Londres, 1752.
In-12 de (1) f. de titre et 257 pp. Relié en plein veau havane, dos à nerfs orné de fleurons dorés, pièce de titre de maroquin havane, tranches rouges. Reliure de l’époque.
156 x 91 mm.
Rare seconde édition de « Micromégas », publiée quelques semaines seulement après l’édition originale devenue introuvable. Bengesco 1429 ; Catalogue général des livres imprimés de la B.n.F., Voltaire, n°2908.

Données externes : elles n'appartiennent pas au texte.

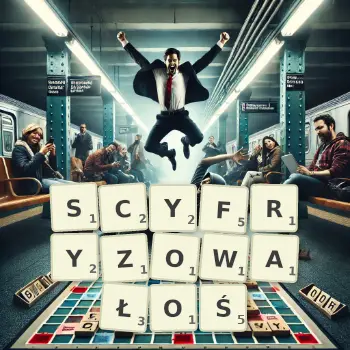 Kreatywna ilustracja do gry w Scrabble ze słowem SCYFRYZOWAŁOŚ ułożonym z płytek na planszy.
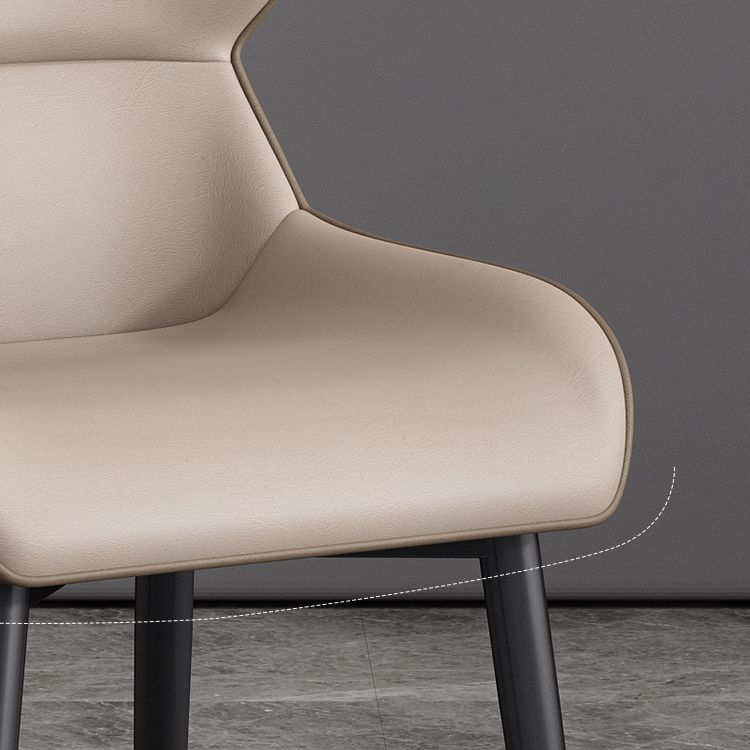 Hedendaagse faux lederen eetkamerstoelen Wingback arm stoel met metalen benen (set van 4)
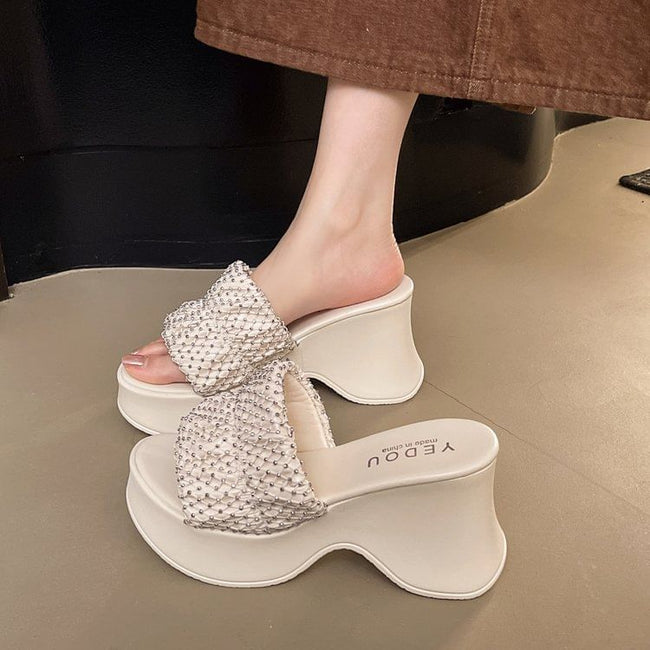 Sandals Platform Heel Rhinestone Slide Wedge Main Image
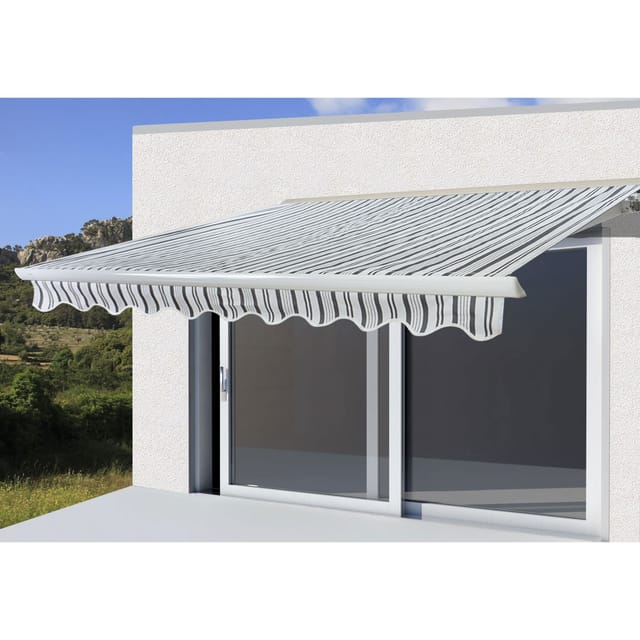 MCW Kassetten-Markise H124 mit Volant 5x3m Polyester Grau/Weiß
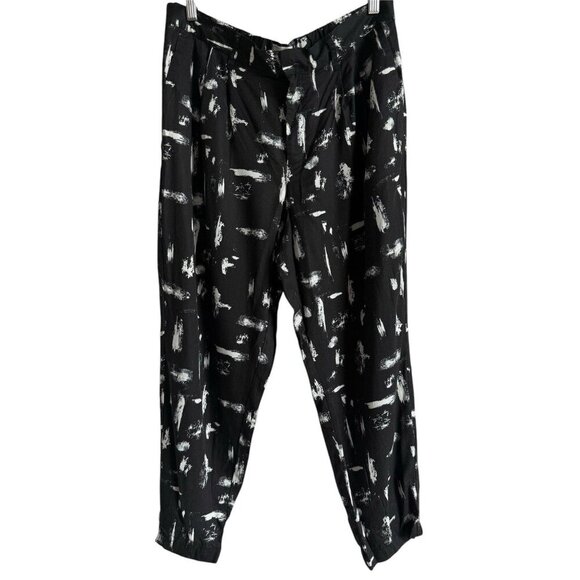 Khakis by GAP Women’s‎ Black White Lightweight Printed Pleated Pants Large NEW - Picture 1 of 12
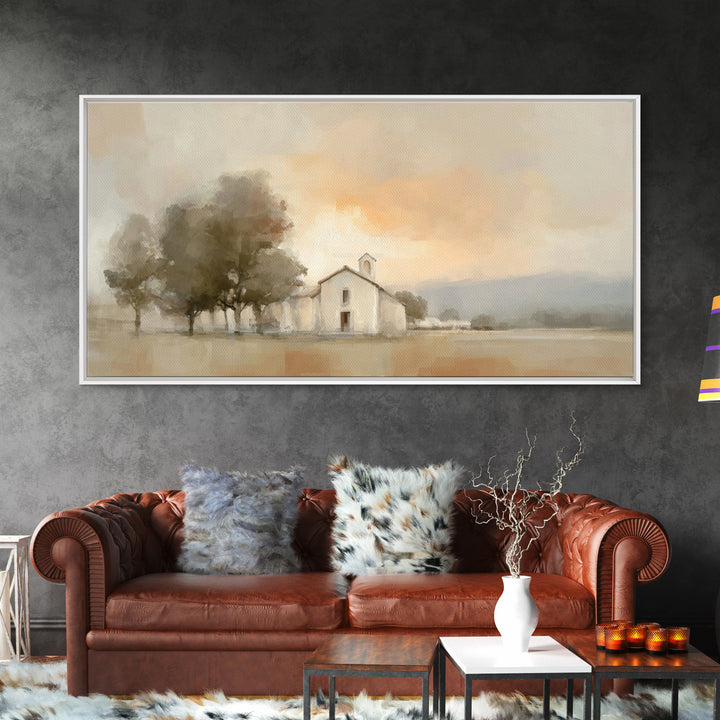Chapel At Dawn – Framed Canvas Print – Christian Wall Art – Minimalist Christian Art – Christian Art Canvas – Modern Christian Painting – P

Dans ce roman philosophique, Voltaire imagine que Micromégas, un habitant de la planète Sirius, aux proportions gigantesques, a été condamné à ne pas se présenter à la Cour pendant de longues années à la suite de la publication d’un de ses livres – l’allusion au théatin Boyer, qui avait attaqué Voltaire à l’occasion de ses Lettres philosophiques, est évidente. Il entreprend un voyage sur la planète Saturne et y fait connaissance avec l’un de ses habitants, un nain en comparaison de ceux de Sirius, dans lequel on reconnaît une représentation caricaturale de Fontenelle, l’auteur des célèbres Entretiens sur la pluralité des mondes, qui s’était allié aux ennemis de Voltaire.
En s’entretenant des sujets les plus divers, les deux voyageurs arrivent sur notre globe sans même s’apercevoir de l’existence de ses habitants dont les proportions sont si réduites qu’elles échappent à leurs sens. En se faisant d’un diamant une sorte de microscope, Micromégas découvre d’abord une baleine, qu’il observe en la tenant sur l’ongle de son pouce, puis un vaisseau portant des hommes, que les voyageurs prennent d’abord pour des insectes, mais en qui ils finissent par reconnaître des êtres doués d’une âme, une fois qu’ils ont réussi à se faire comprendre d’eux et à comprendre leur langage. Nous assistons ensuite à un banquet de philosophes appartenant aux diverses écoles, et qui exposent successivement leurs théories sur la nature de l’âme et la formation des idées. Au moyen de ces exposés, l’auteur se livre à une critique satirique de l’aristotélisme, ainsi que des systèmes de Descartes, de Malebranche et de Leibniz. Seul un disciple de Locke, dont les idées avaient séduit l’esprit de Voltaire, trouve grâce aux yeux des étrangers. Mais une tempête soudaine interrompt le colloque : tout disparaît aux yeux des voyageurs jusqu’à ce que Micromégas retrouve dans une poche de sa culotte le vaisseau ainsi que l’équipage, auquel il adresse des paroles pleines de bonté tout en déplorant l’orgueil ridicule de ces êtres minuscules.
« Dans ‘Micromégas’, l’esprit mordant de Voltaire, inégalable dans l’art de dissocier tout un système au moyen d’une anecdote, cet esprit rusé et malicieux, qui sait se déguiser sous un masque d’ingénuité et d’innocence, s’exprime comme toujours dans un style d’une parfaite pureté. On voit s’affirmer ici, chez l’écrivain ami des Lumières et du progrès, la vision désolée d’une humanité ignorante et sotte, infiniment petite et démesurément orgueilleuse ». (Laffont-Bompiani).
La véritable édition originale de Micromégas est rarissime. Les quelques exemplaires de ce texte passés sur le marché public français depuis 20 ans et décrits comme « Edition originale » appartenaient généralement à cette seconde édition.
« Clément, dans ses ‘Cinq années littéraires (lettre du 15 mars 1752) et les auteurs des ‘Mémoires pour servir à l’histoire des sciences et des beaux-arts’ (Journal de Trévoux, avril 1752), parlent, dès les mois de mars et avril, de l’édition de ‘Micromégas’ en 92 pp. ; tandis que c’est en mai et juin 1752, qu’il est question, dans la correspondance de Voltaire, de l’édition de ‘Micromégas’ avec ‘l’Histoire des Croisades et le Plan de l’histoire de l’esprit humain’’’ (Bengesco).
Précieux exemplaire conservé dans sa pleine reliure de l’époque au dos finement orné.